Ben onların hareketini, şecaatlerini okşadım. Zira efkâr-ı umumiyenin yalancı tercümanı olan gazeteler, nazarımıza hareketlerini meşru göstermişlerdi. Ben de takdir ile beraber, nasihatimi bir derece tesir ettirdim. İsyanı bir derece bastırdım. Yoksa böyle âsân olmazdı.

Ben ki bilfiil tımarhaneyi ziyaret etmiş bir adamım “Neme lâzım, böyle işleri akıllılar düşünsün.” demediğimden cinayet ettim…

ONUNCU CİNAYET: Harbiye Nezaretindeki askerler içine cuma günü ulema ile beraber gittim. Gayet müessir nutuklarla sekiz tabur askeri itaate getirdim. Nasihatlerim tesirini sonradan gösterdi. İşte nutkun sureti:

Ey asakir-i muvahhidîn! Otuz milyon Osmanlı ve üç yüz milyon İslâm’ın namusu ve haysiyeti ve saadeti ve bayrak-ı tevhidi, bir cihette sizin itaatinize vâbestedir. Sizin zabitleriniz bir günah ile kendi nefsine zulmetse siz bu itaatsizlikle üç yüz milyon İslâm’a zulmediyorsunuz. Zira bu itaatsizlikle uhuvvet-i İslâmiyeyi tehlikeye atıyorsunuz.

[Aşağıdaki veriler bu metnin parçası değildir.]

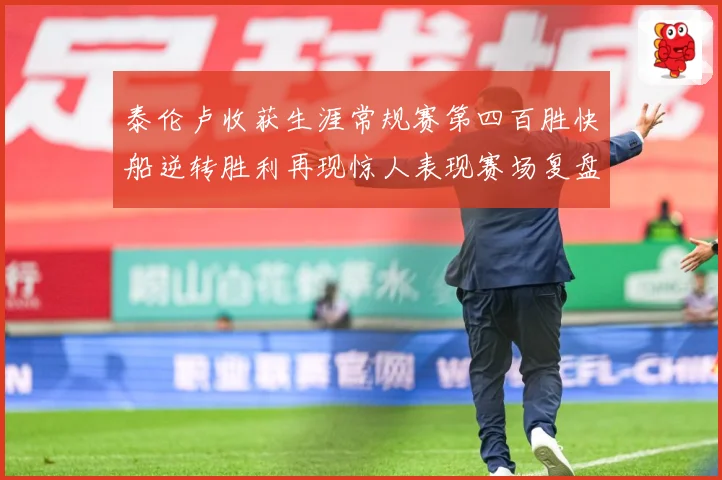 泰伦卢收获生涯常规赛第四百胜快船逆转胜利再现惊人表现赛场复盘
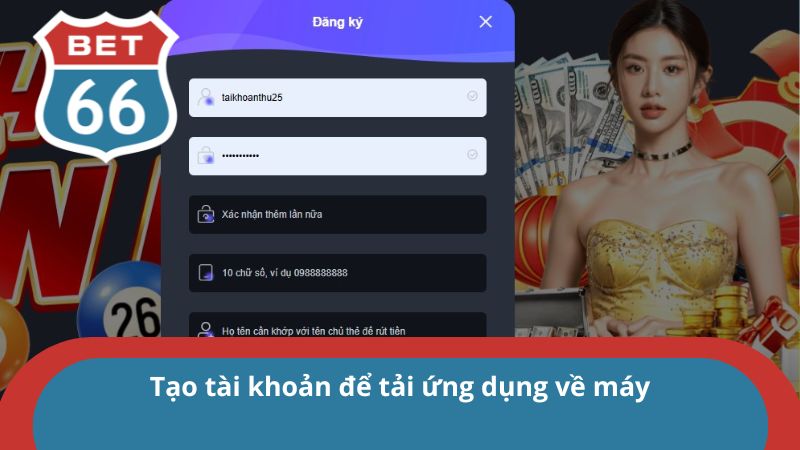 Tải app Bet66 - Hướng dẫn các bước nhanh chóng cho tân thủ 2 Tạo tài khoản để thực hiện bước tải ứng dụng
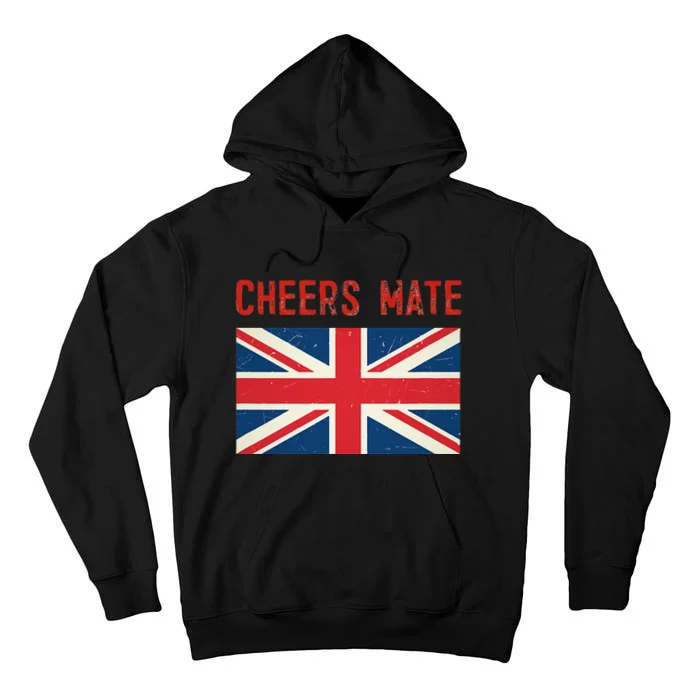 Cheers Mate British Slang Tall Hoodie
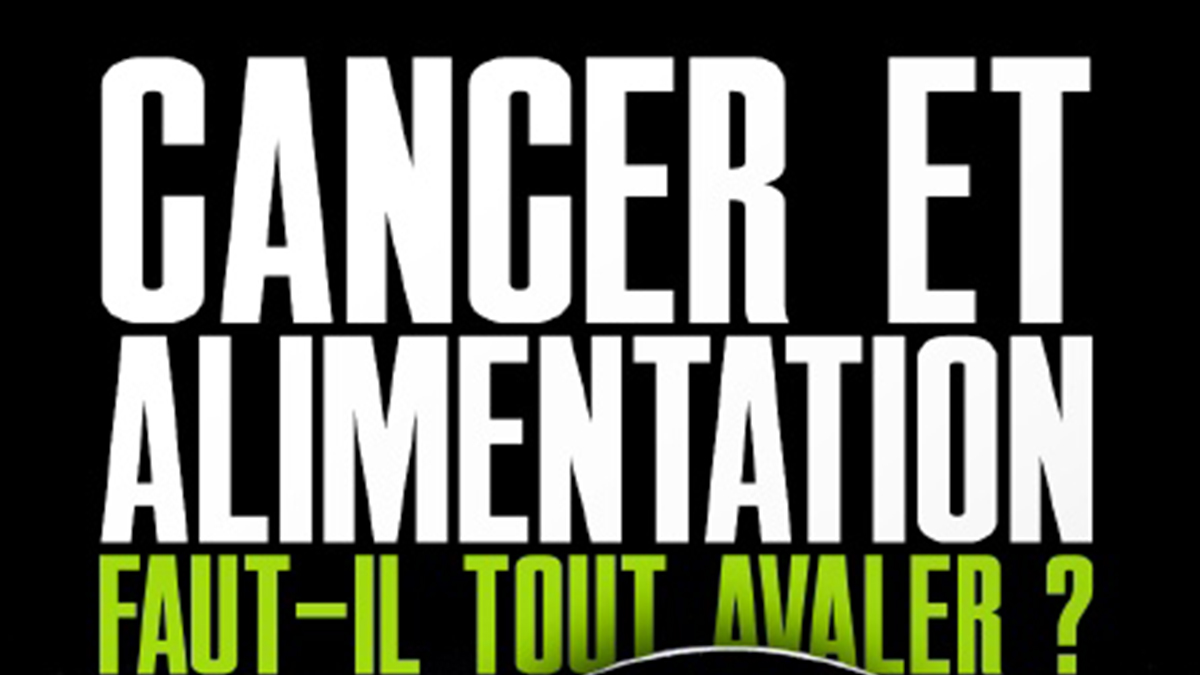 CANCER ET ALIMENTATION, FAUT-IL TOUT AVALER ?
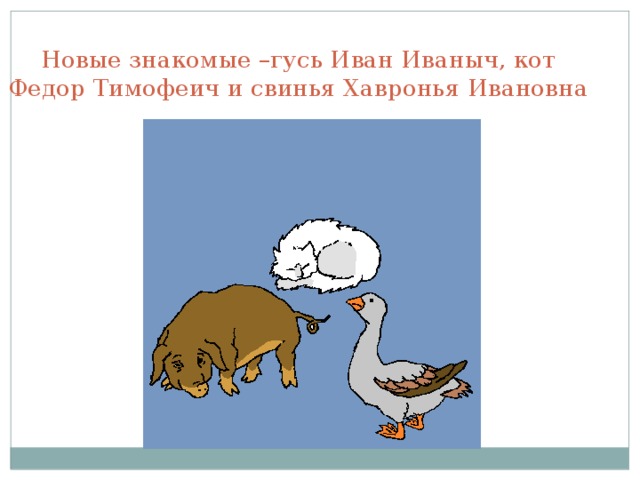 Новые знакомые –гусь Иван Иваныч, кот Федор Тимофеич и свинья Хавронья Ивановна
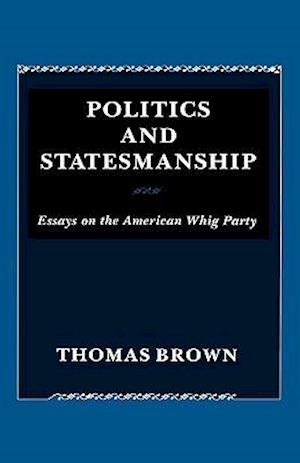 Politics and Statesmanship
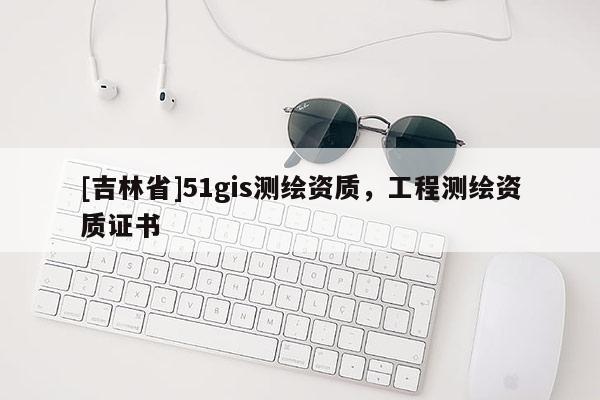 [吉林省]51gis测绘资质，工程测绘资质证书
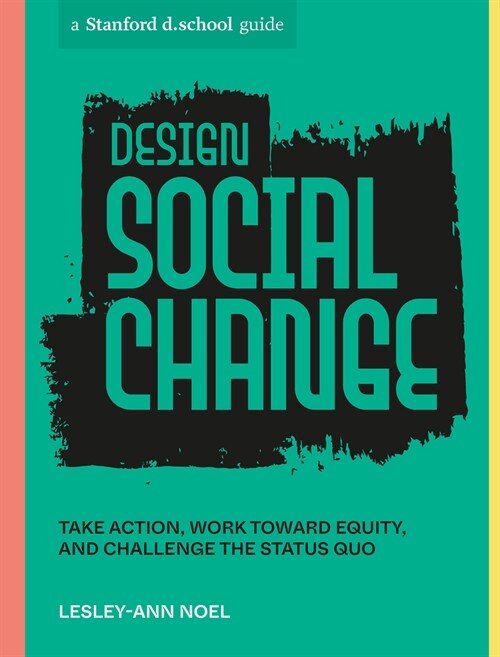 Design Social Change: Take Action, Work Toward Equity, and Challenge the Status Quo (Paperback)
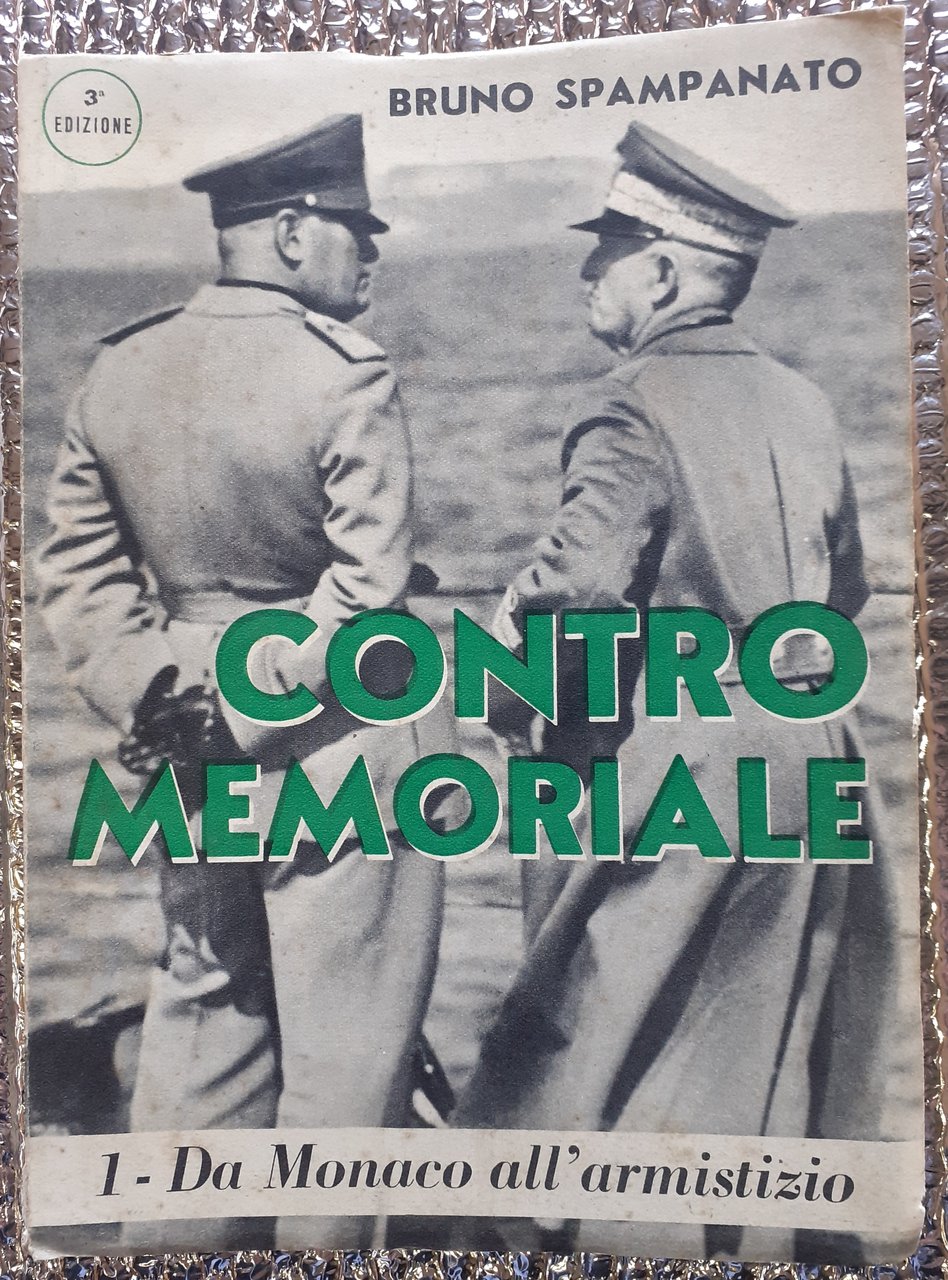 CONTROMEMORIALE; 1 - DA MONACO ALL'ARMISTIZIO; 2 - L'ULTIMO MUSSOLINI; …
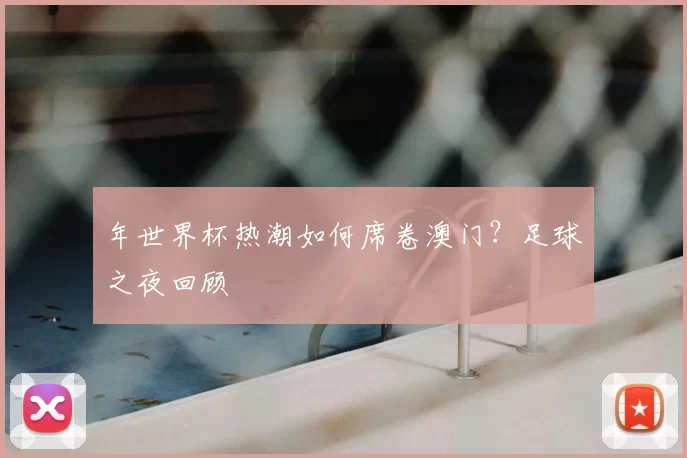 年世界杯热潮如何席卷澳门？足球之夜回顾
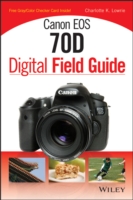 Canon EOS 70D Digital Field Guide （PAP/CRDS）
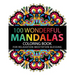 Mandala Coloring Book: 100 plus Flower and Snowflake Mandala Designs and Stress Relieving Patterns for Adult Relaxation, Meditation, and Happ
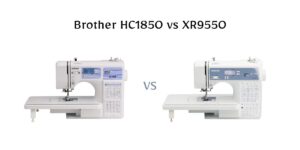 Brother HC1850 vs XR9550 compared honestly. Features, flaws, and real-world performance explained before you buy.
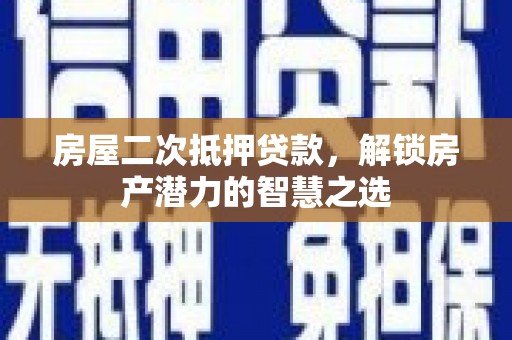 修文房屋二次抵押贷款，解锁房产潜力的智慧之选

Biliniz ki: Asker ocağı cesîm ve muntazam bir fabrikaya benzer. Bir çark itaatsizlik etse bütün fabrika herc ü merc olur. Asker neferatı siyasete karışmaz. Yeniçeriler şahittir. Siz Şeriat dersiniz, halbuki Şeriata muhalefet ediyorsunuz ve lekedar ediyorsunuz. Şeriatla, Kur’an’la, hadîsle, hikmetle, tecrübeyle sabittir ki: Sağlam dindar, hakperest ulü’l-emre itaat farzdır. Sizin ulü’l-emriniz, üstadınız zabitlerinizdir.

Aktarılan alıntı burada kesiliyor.